PROVIDED RECORDS
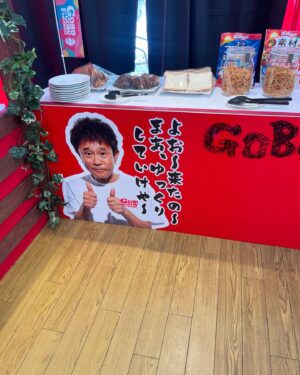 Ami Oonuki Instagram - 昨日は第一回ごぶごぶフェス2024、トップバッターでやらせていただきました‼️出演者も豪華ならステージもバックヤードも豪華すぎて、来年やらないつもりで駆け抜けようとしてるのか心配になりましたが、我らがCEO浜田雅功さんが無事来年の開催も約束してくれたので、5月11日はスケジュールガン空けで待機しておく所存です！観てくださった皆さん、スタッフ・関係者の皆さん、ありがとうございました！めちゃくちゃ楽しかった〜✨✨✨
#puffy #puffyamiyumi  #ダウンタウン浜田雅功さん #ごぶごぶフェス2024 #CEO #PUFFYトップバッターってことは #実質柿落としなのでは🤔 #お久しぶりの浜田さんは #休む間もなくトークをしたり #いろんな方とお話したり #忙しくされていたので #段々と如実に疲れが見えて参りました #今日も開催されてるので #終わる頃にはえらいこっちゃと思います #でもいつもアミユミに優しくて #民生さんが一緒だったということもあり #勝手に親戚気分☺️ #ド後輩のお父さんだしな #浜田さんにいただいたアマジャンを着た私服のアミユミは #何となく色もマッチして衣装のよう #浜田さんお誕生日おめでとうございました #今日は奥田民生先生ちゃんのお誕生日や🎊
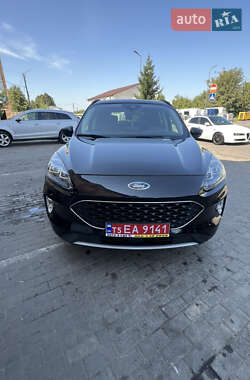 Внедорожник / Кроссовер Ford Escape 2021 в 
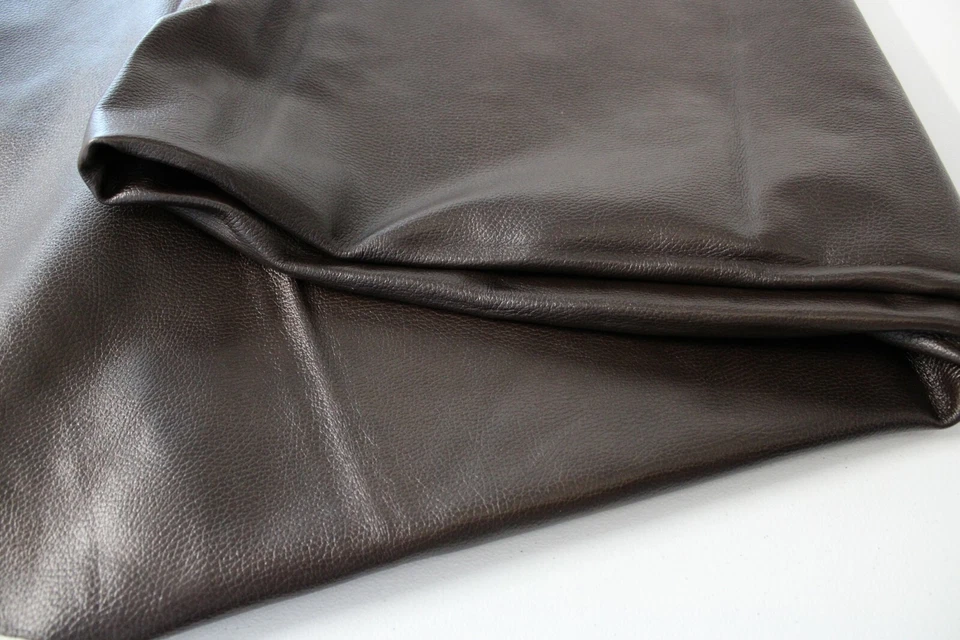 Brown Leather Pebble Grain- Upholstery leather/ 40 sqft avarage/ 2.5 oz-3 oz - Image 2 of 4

...

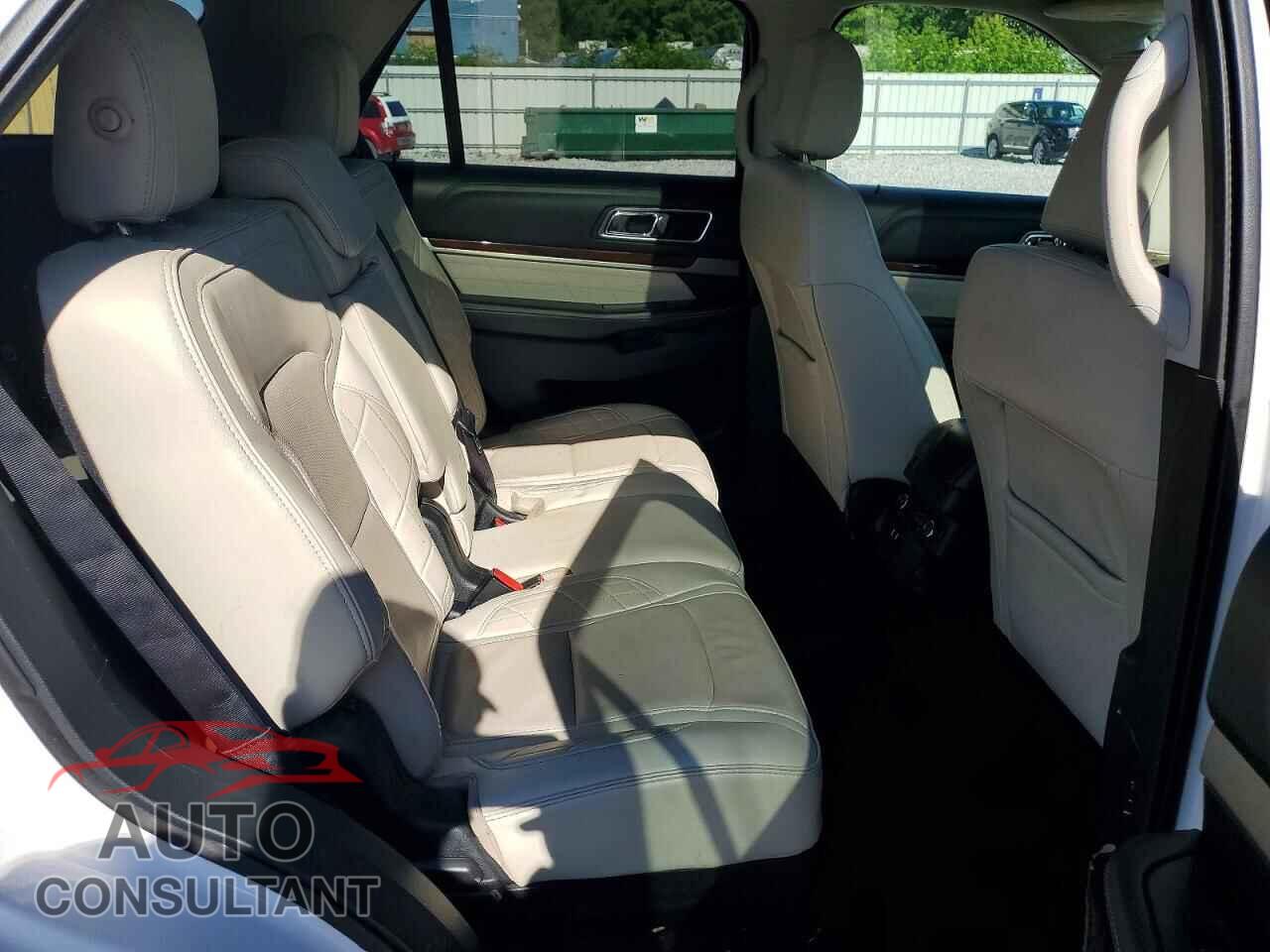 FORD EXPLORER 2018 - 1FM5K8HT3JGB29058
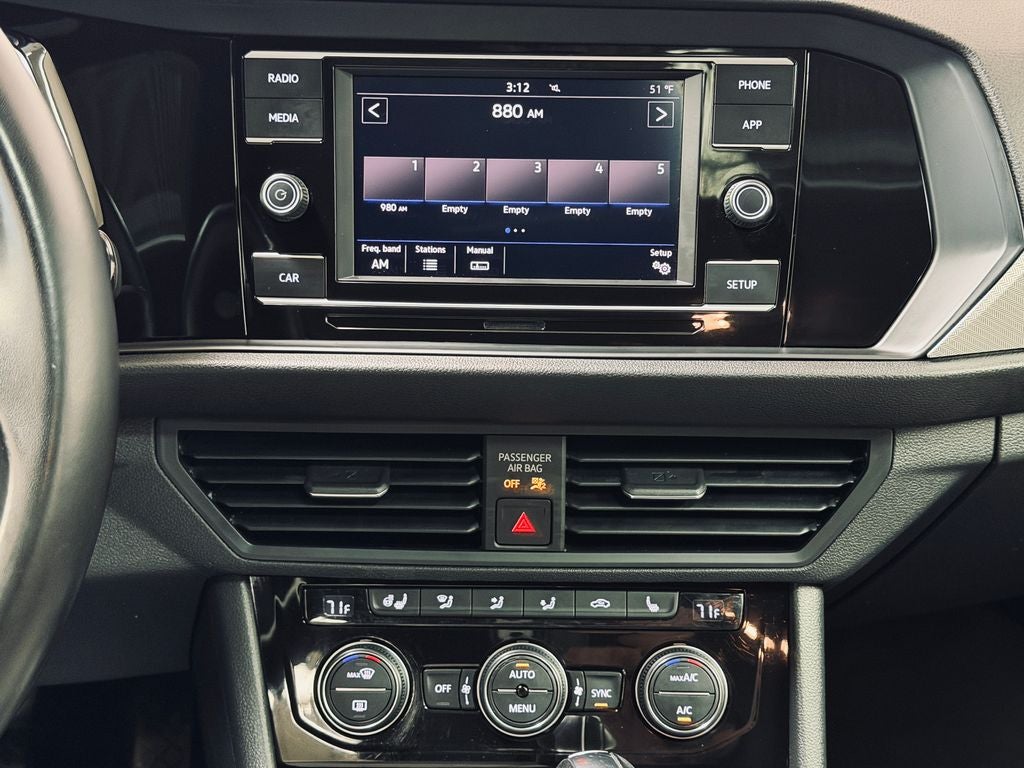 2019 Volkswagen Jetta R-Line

TASK DETAILS
From the material above, reproduce only what runs from the line holding "Внедорожник / Кроссовер Ford Escape 2021 в" down to the line holding "Brown Leather Pebble", both included, pictures excluded.

RESULT OF THE EXERCISE
 Внедорожник / Кроссовер Ford Escape 2021 в 
 Brown Leather Pebble Grain- Upholstery leather/ 40 sqft avarage/ 2.5 oz-3 oz - Image 2 of 4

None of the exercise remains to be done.